Three lives, three different paths to the same destination: Aspen Springs, a psychiatric hospital for those who have attempted the ultimate act — suicide.

Vanessa is beautiful and smart, but her secrets keep her answering the call of the blade.

Tony, after suffering a painful childhood, can only find peace through pills.

And Conner, outwardly, has the perfect life. But dig a little deeper and find a boy who is in constant battle with his parents, his life, himself.

In one instant each of these young people decided enough was enough. They grabbed the blade, the bottle, the gun — and tried to end it all. Now they have a second chance, and just maybe, with each other’s help, they can find their way to a better life — but only if they’re strong and can fight the demons that brought them here in the first place.

impulse is crafted from the points of view of these three young adults. Each of them face their own demons while staying in Aspen Springs. In the book, the prose is written to resemble freestyle poetry. While aesthetically pleasing to the eye, and easy to read, it causes some readers confusion.

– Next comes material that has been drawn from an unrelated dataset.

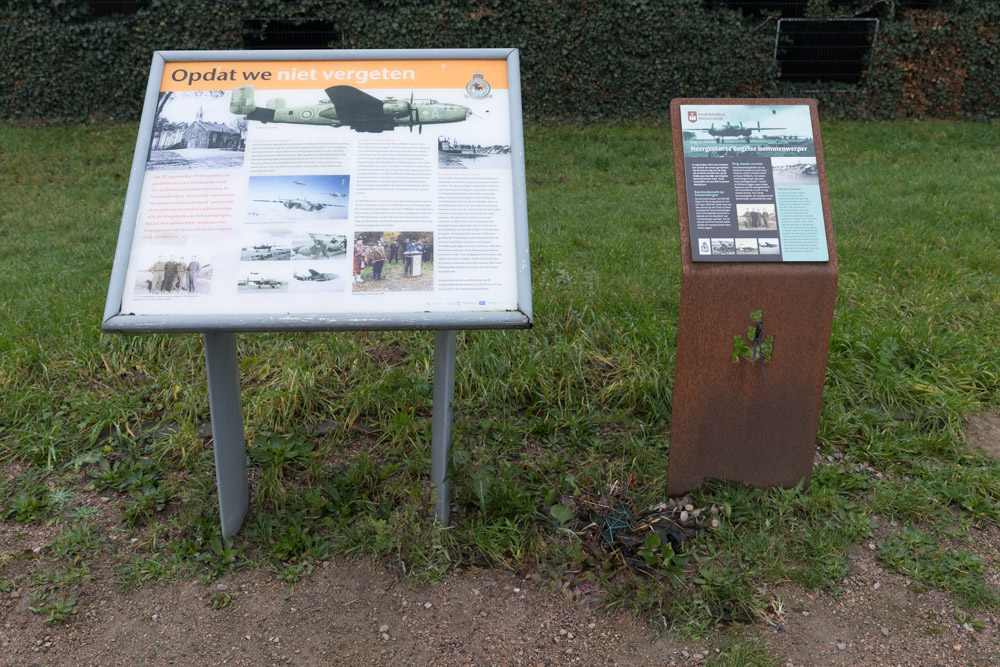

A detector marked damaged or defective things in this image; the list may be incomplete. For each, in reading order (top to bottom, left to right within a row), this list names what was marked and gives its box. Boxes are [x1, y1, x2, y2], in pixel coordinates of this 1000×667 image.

Each character is written in mostly the same voice and the author switches between the three characters without giving any obvious indication that she has switched. One moment you are reading Conner’s thoughts and he might seem like he is talking about how his childhood sucked due to drugs — woah, Conner never did drugs! While its obvious in that example that the subject is Tony, in the book the reader may have to go back a few pages to see where the transition happened.

The book can be poetic.

The book can be poetic. Sometimes.

Luckily for me, I listened to the audiobook for most of the story. The audiobook has three different actors voicing each role, and 2/3 of them are very great in their roles. The voice which bothered me the most, due to sounding like her mouth was full of spit, was Vanessa. This is not really a slight against the actor who portrayed Vanessa, but rather a vocal pet peeve of mine. I also thought her impressions of the other characters was way off, but it was hard to tell if she was supposed to be acting as them or simply acting like Vanessa trying to imitate other people. Out of the three, Conner’s actor was by far the best. His portrayal was the most subtle and he even made the female lines he spoke engaging rather than offensive.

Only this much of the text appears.